Are there any higher level primitives of orchestration like you would have in the agentic frameworks (e.g. LangGraph or CrewAI) e.g. conversation history management, guardrail hooks, task queue, etc.?
Temporal are examining higher level primitives to support agentic AI use cases, specifically. No roadmap or announcements to share about that yet, though.
We are using LangGraph to control the agentic flow. How can I integrate this with LangGraph? I want to set each agent as an activity. Our current code is putting the whole agentic flow in one activity which gives limited integration capability.
This is more a LangGraph question than a Temporal one, but our understanding is that LangGraph keeps mutable State in memory (with an in-memory ‘MemorySaver’). And allows checkpointing graph progress to databases). You would need to find a way of breaking LangGraph up into serializable payloads to be able to split a LangGraph agent up into Temporal activities. Until then, executing your LangGraph agents as one Temporal activity will work.
How does this Temporal’s approach compare to PydanticAi with Pydantic Graph? Also, given that Temporal has added support for Pydantic, how would you leverage this in this demo code?
Pydantic data typing support is on the (long) todo list for the Temporal ai agent. How I’d leverage it is introducing rich data structures for prompts, responses, and so forth. As for Pydantic Graph, I find it more natural to code in a ‘step by step’ fashion with an event loop (for/while) and events like signals vs a graph type approach where one writes code to define a set of nodes and how they’re interconnected.
Are there any plans at Temporal to make create a framework like PydanticAI, but based on Temporal? Something like this: GitHub - StreetLamb/rojak: Python library for building durable and scalable multi-agent orchestrations. ?
We’re exploring ways to streamline development to any LLM provider and solution, so customers don’t have to build everything from scratch.

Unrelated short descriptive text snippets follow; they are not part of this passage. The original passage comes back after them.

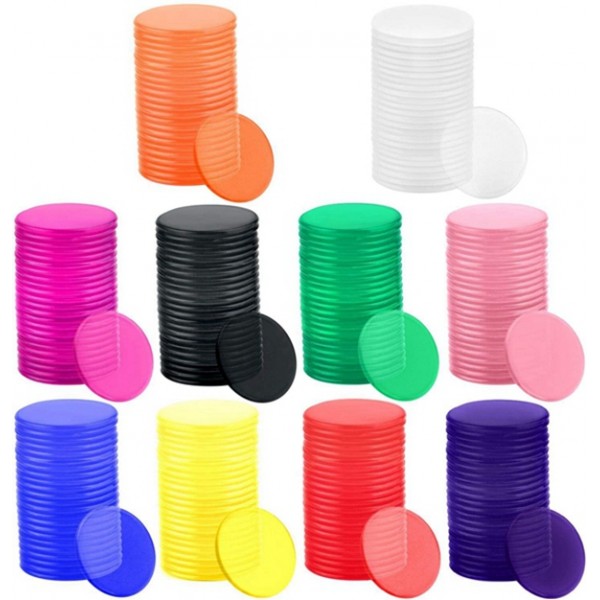 Racdde 1-1/5 inch Plastic Learning Counters Disks Bingo Chip Counting Discs Markers for Math Practice and Poker Chips Game Tokens, 200 Pieces 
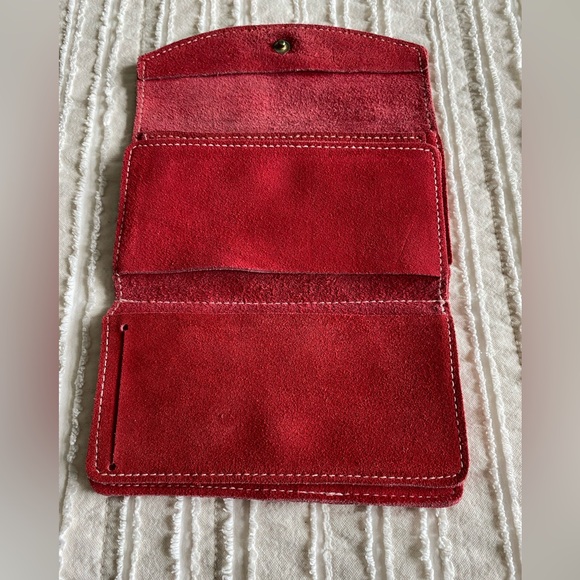 Red Suede Wallet - Picture 4 of 6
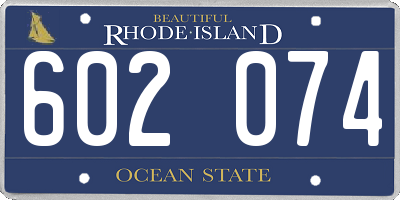 RI license plate 602074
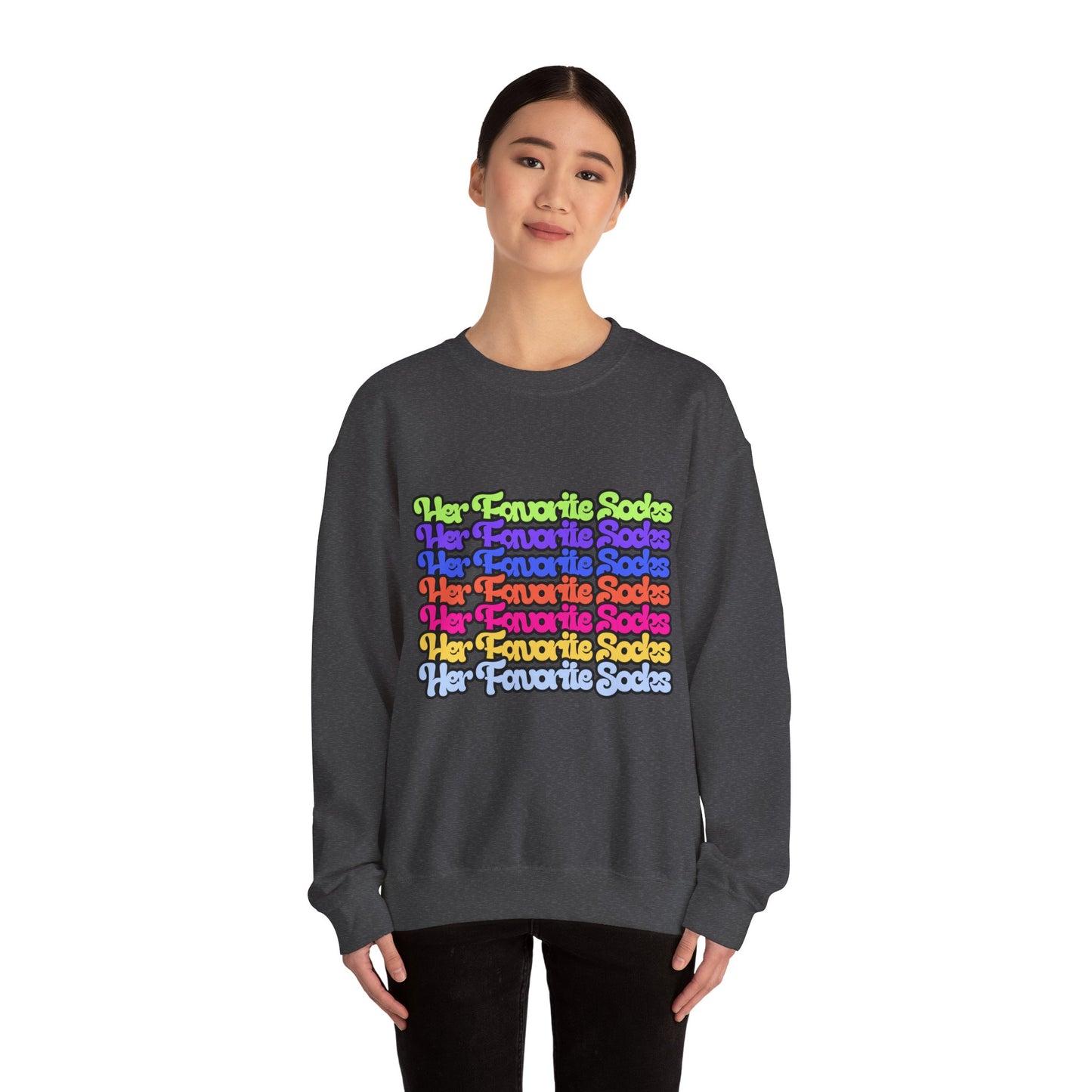 Crewneck Sweatshirt — Colorful "Her Favorite Socks" Retro Script Stacked Design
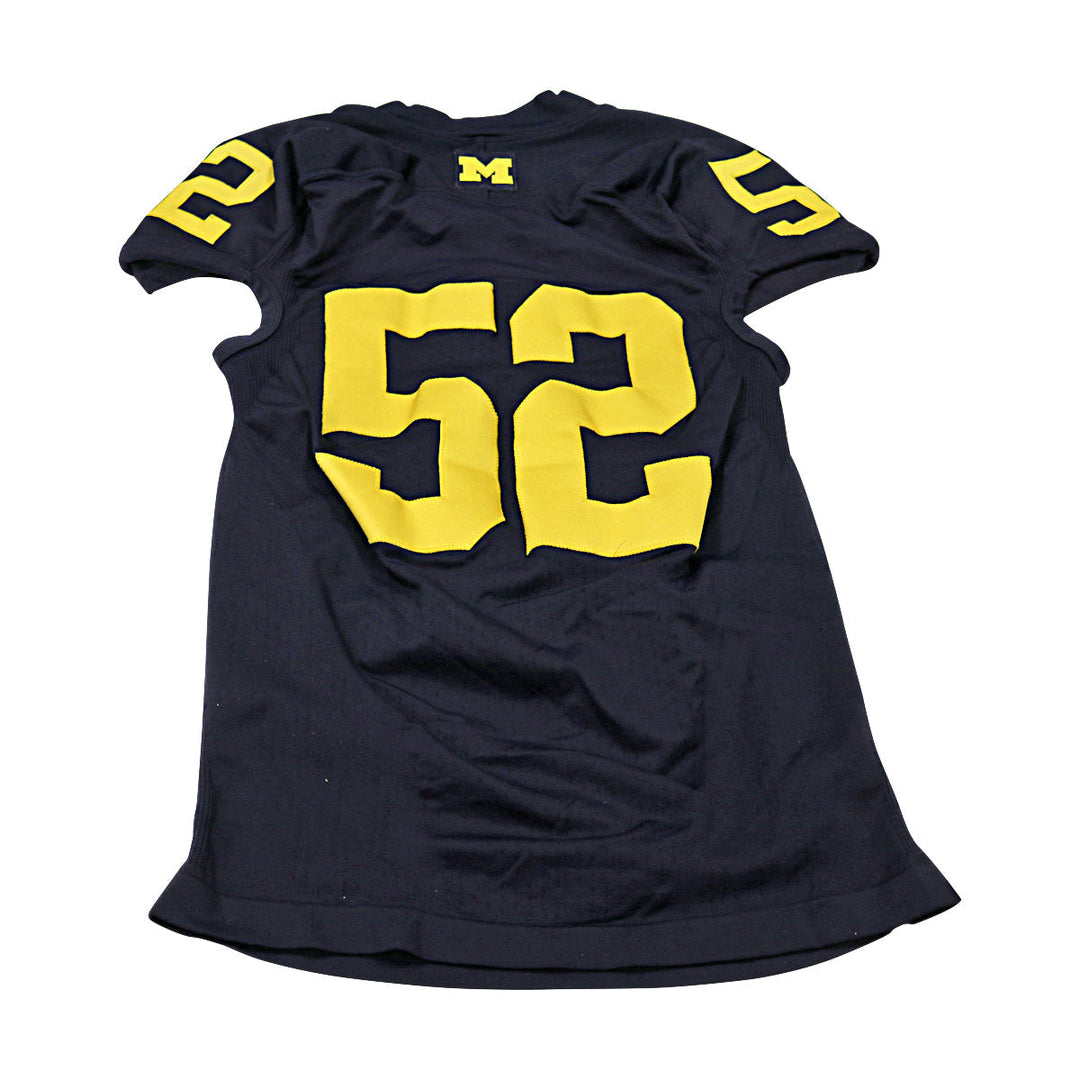 Michigan Wolverines Team Issued 2012 Blue Alternate Jersey #52 Jersey (Size: XL)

Is Kapa running in a Temporal workflow?
While I can’t share non-public information about how companies use Temporal, I would note that many very popular AI research and retrieval solutions use Temporal for orchestration.
Is there OOB code available to parse Open API spec files (either JSON or YAML) and create tool definitions that LLMs can use?
No (not yet)
Have you all considered creating shareable context files / rules for tools like Cursor to help us use agents to implement these systems correctly, with AI assistants? Kind of like what context is doing, but not just a markdown dump of documentation?
Sure, but in a way isn’t Cursor rules more or less just a text dump anyway?
(serious answer is I think the dust needs to settle more on formats for agent context before adopting any in a heavy way)
– Addendum by attendee Nick Vrana –
Cursor rules can be a lot more, you can steer the behavior pretty substantially. Good example You are using Cursor AI incorrectly...
Totally agree the dust needs to settle though. Hoping it becomes good documentation practice in the future to create token efficient rules/guides for agents
Other Questions: Security
Is this the appropriate forum to discuss the concept of jailbreaking a language model or a workflow? I’m new to this field and unsure if this is a relevant topic to bring up here or if it’s a real issue.
Good Question. This webinar is for discussion how to design interaction between LLM and Temporal Workflow. If you want to discuss about “jailbreaking” a LLM model you should post this in our Temporal Community Slack.
LLM if has a conversation history, how do you suggest we manage PII data especially for financial system use cases?
Either scrub PII entirely or don’t send it.
Temporal encrypts payloads so you’re good from that standpoint but there’s currently no way to prompt a public LLM with PII without it being plain text, so you’d wanna look at local models instead etc
How do these tool calls validate the user for permissions checks? Would it be as simple as passing an auth token as part of that confirm signal?
Be careful when passing auth tokens as signal or activity input. These will be persisted, though you can encrypt payloads with our SDK’s Data Converter. Another way is to store an opaque reference to a secrets store, and have your workers able to access that store via IAM.